Beginning with the line that contains "Thank you for", retype the entries below exactly, ending with the line that contains "You have a dropdown". Leave out any pictures.
=== Begin Enclosure ===
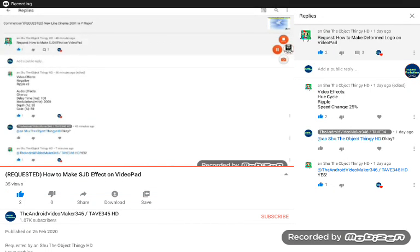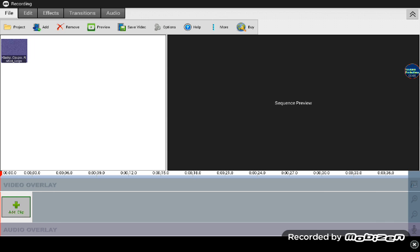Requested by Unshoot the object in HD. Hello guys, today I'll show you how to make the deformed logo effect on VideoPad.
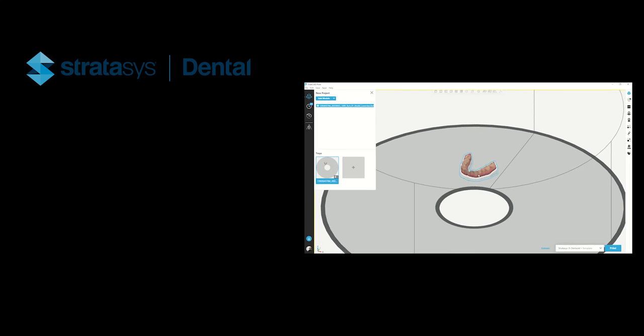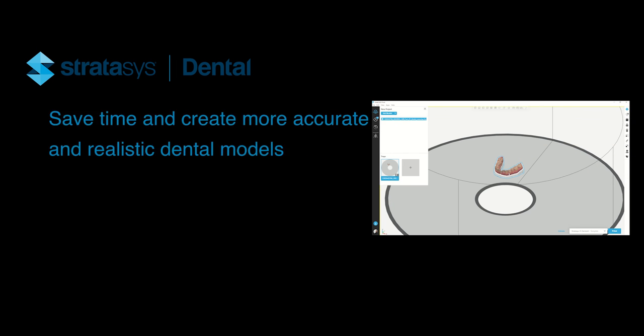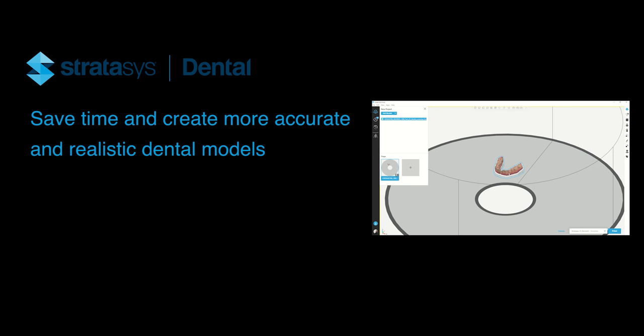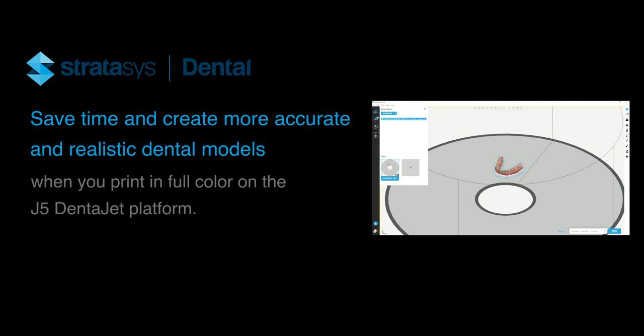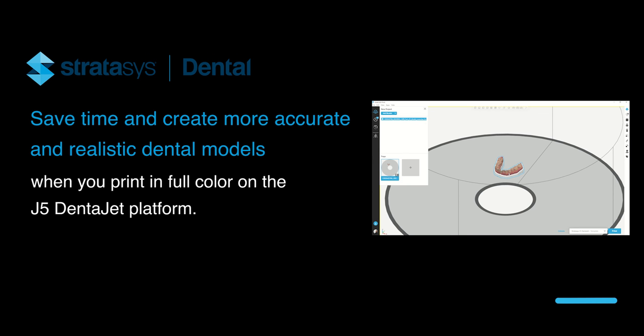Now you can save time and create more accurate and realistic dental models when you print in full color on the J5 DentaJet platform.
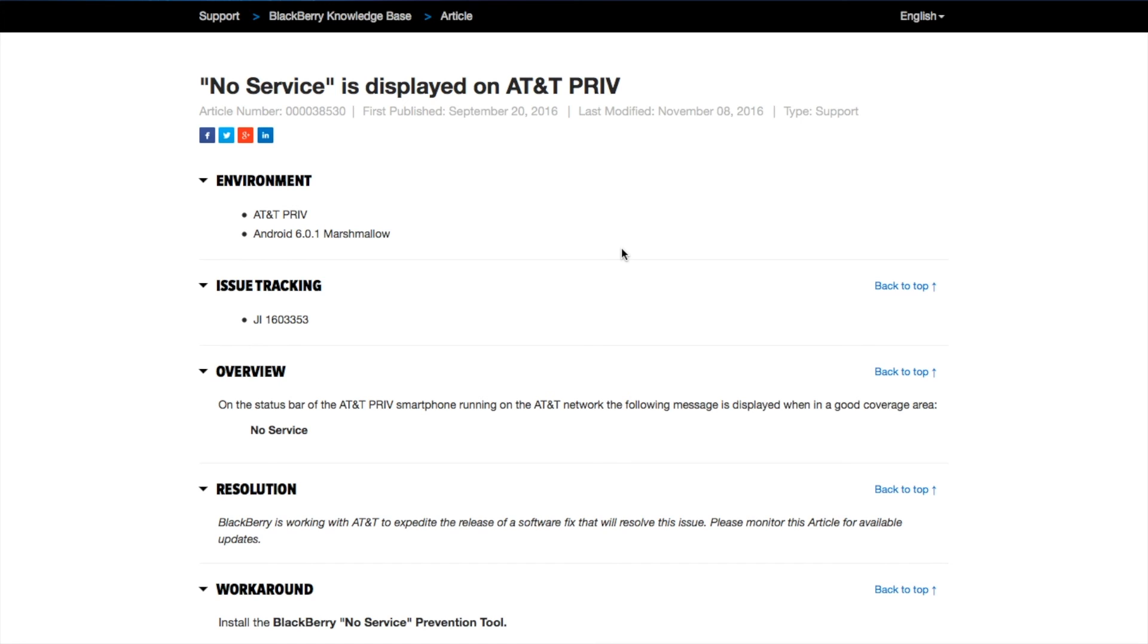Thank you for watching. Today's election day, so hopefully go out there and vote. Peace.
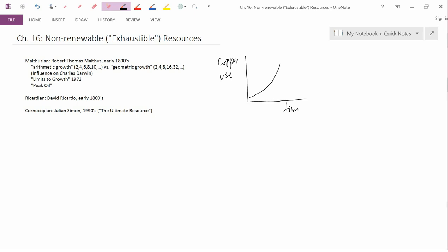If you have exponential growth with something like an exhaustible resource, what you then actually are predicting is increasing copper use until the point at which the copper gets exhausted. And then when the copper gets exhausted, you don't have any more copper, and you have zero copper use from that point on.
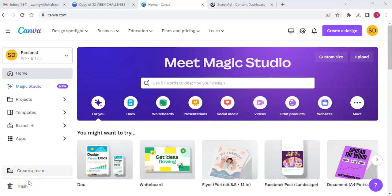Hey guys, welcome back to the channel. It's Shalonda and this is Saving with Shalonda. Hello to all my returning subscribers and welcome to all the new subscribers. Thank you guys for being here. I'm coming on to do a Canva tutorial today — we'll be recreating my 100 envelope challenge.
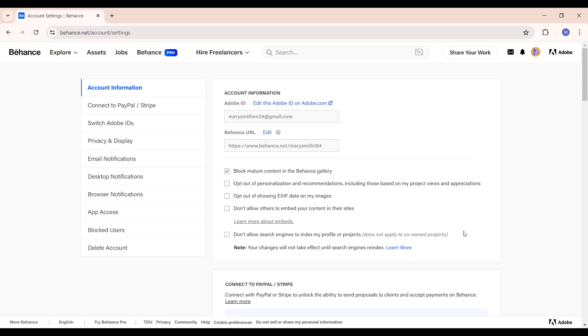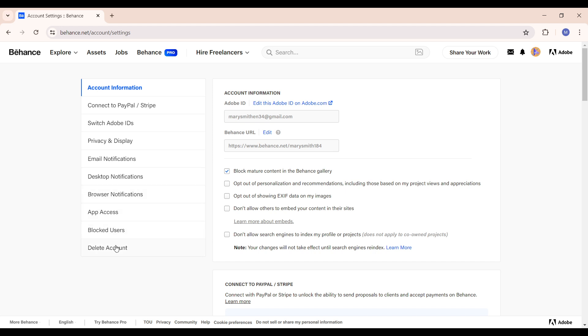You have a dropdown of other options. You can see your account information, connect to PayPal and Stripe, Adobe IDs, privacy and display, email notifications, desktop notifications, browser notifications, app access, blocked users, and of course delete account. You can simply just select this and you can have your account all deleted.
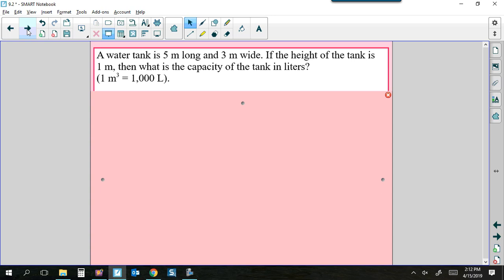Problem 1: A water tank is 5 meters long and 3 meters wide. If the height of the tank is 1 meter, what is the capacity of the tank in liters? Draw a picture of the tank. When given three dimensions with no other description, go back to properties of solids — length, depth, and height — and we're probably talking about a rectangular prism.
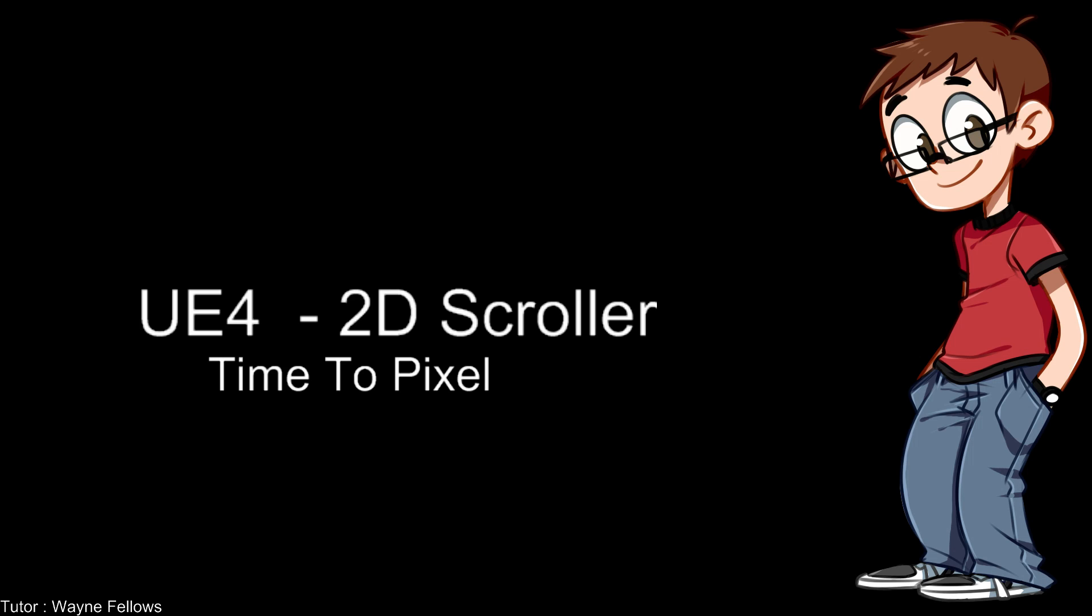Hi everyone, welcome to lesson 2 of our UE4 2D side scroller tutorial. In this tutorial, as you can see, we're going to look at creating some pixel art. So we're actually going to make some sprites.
=== End Enclosure ===
=== Begin Enclosure ===
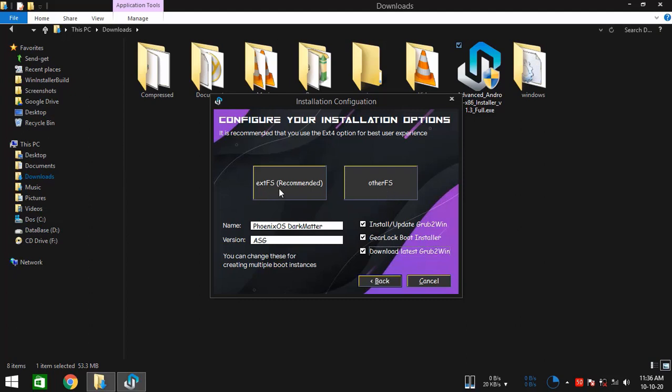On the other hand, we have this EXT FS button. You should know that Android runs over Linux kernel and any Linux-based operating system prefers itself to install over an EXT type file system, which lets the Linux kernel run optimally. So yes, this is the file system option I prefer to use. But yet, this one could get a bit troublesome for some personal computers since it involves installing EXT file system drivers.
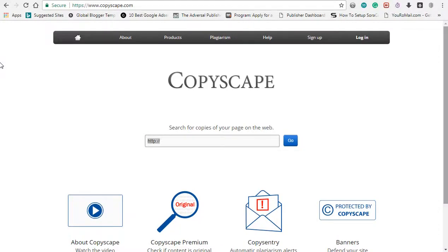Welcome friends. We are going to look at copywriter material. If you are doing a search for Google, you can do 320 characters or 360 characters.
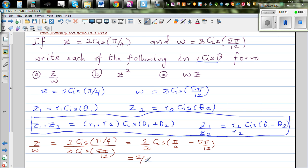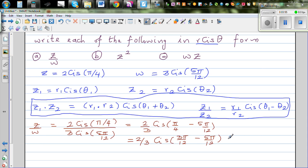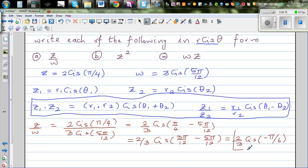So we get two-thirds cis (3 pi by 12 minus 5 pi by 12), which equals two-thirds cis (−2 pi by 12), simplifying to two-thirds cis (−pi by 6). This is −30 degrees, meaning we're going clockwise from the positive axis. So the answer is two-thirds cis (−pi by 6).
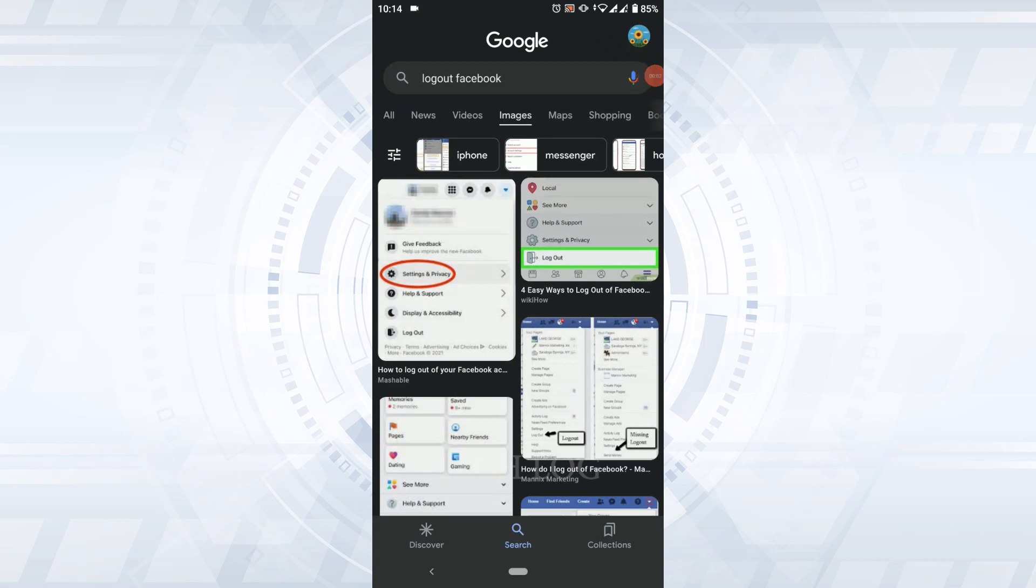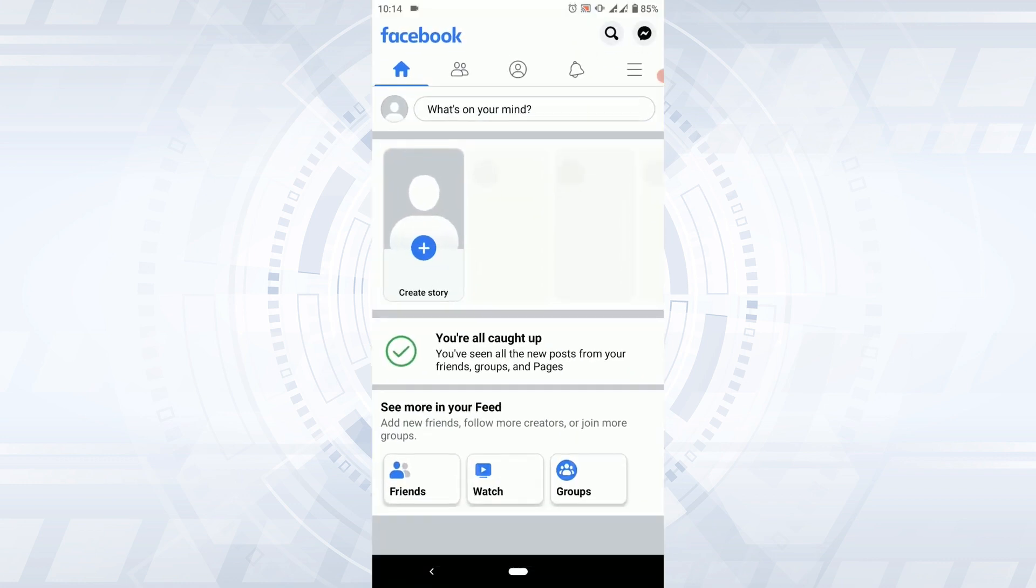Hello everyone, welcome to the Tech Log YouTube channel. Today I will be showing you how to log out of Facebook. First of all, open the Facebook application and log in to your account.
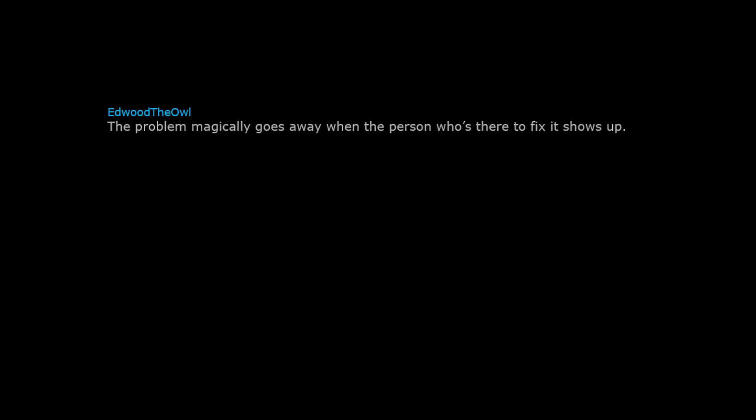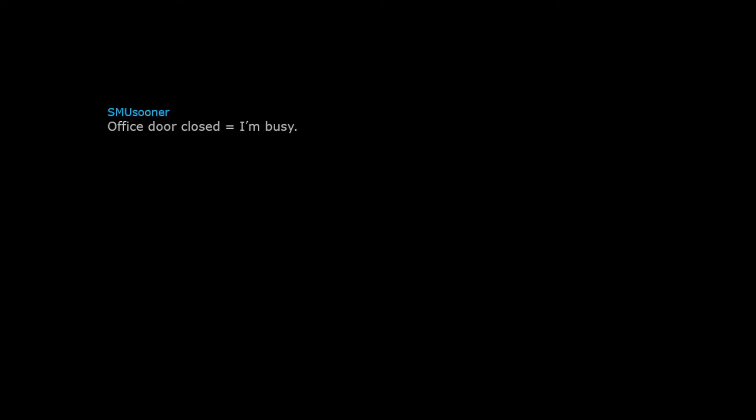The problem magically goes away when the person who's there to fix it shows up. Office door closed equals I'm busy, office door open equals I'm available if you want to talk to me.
=== End Enclosure ===
# [Your response]
Thank you for watching. Today's election day, so hopefully go out there and vote. Peace.
If you have exponential growth with something like an exhaustible resource, what you then actually are predicting is increasing copper use until the point at which the copper gets exhausted. And then when the copper gets exhausted, you don't have any more copper, and you have zero copper use from that point on.
Hey guys, welcome back to the channel. It's Shalonda and this is Saving with Shalonda. Hello to all my returning subscribers and welcome to all the new subscribers. Thank you guys for being here. I'm coming on to do a Canva tutorial today — we'll be recreating my 100 envelope challenge.
You have a dropdown of other options. You can see your account information, connect to PayPal and Stripe, Adobe IDs, privacy and display, email notifications, desktop notifications, browser notifications, app access, blocked users, and of course delete account. You can simply just select this and you can have your account all deleted.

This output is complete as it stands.